SAPHO and SBT exhibit distinct distribution patterns in the ribs, axial bone and other peripheral joints and bones. SAPHO mainly affects the mandible, which is another characteristic manifestation besides anterior chest wall involvement. A small number of temporomandibular joint or maxillary involvement in the study is considered an extension of mandibular osteitis26. Jaw involvement may be observed in patients with periodontal disease who do not have SAPHO, while it is important to emphasize that SBT predominantly affects other skull regions excluding the jaw27. In the model we established, the sacroiliac joint is the strongest influencing factor of SAPHO, similar to other types of seronegative spondyloarthritis. On the other hand, SBT involves all vertebrae of the spine, especially the upper to mid-thoracic spine. The pelvic lesion appeared to be the strongest predictive term for SBT in the model, while the sacroiliac joints were rarely affected, which aligns with our clinical observations. The archive of the Rizzoli institute indicates that the pelvis is the most probable site for bone metastasis, apart from the spine28. This trend may be attributable to the blood flow distribution and the bone marrow microenvironment characteristics in this region29. Rib lesions in patients with SAPHO predominantly affect the anterior ribs, particularly on the first anterior rib. The primary source is often traced to the sternocostal joints. In patients with SBT, rib lesions are evenly distributed throughout all regions of the rib30. In terms of peripheral bones, SAPHO primarily affects the metatarsal joint31, while SBT tends to target the shoulder and femur.

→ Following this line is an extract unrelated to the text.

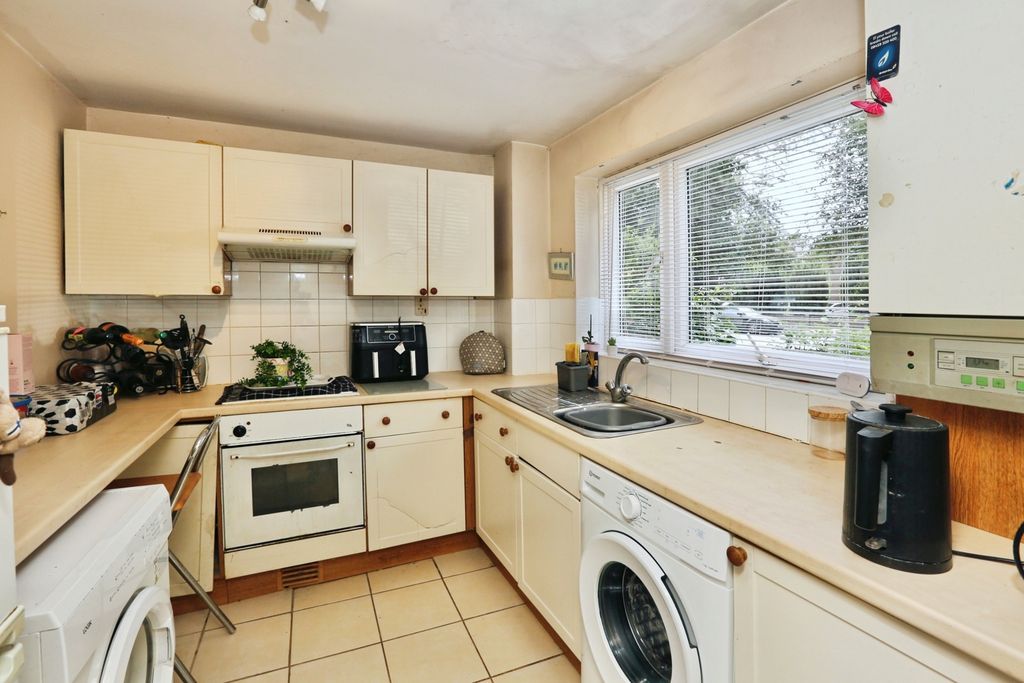 Property photo 2 of 12 Pbox-Img.Jpg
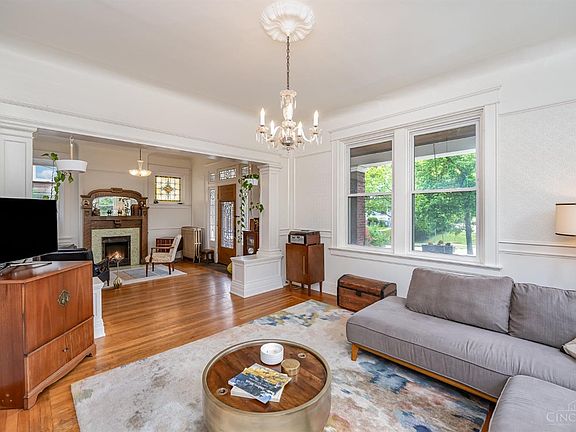 5th image of 2938 Montclair Ave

It should be noted that our study has some limitations. Although cross-validation and external validation using the G2 dataset have been implemented, the potential for model overfitting remains. Enhancing the current binary data by expanding it into ordered categorical or continuous variables could improve the expressiveness of the features. Economic considerations and radioprotection measures, along with the low incidence of SAPHO and the widely dispersed population, complicate data collection efforts. Nevertheless, we are committed to gathering data in future studies to increase the volume of analyzable image data. While a multicenter design enhances the applicability of our findings, it is crucial to validate the results in non-Chinese populations.

Conclusion

This study assesses the effectiveness of WBBS terms in identifying SAPHO syndrome from SBT and utilizes machine learning to help screen features for patients. Results obtained from two datasets demonstrate the dependability of the model, providing a valuable tool for accurate and timely diagnosis.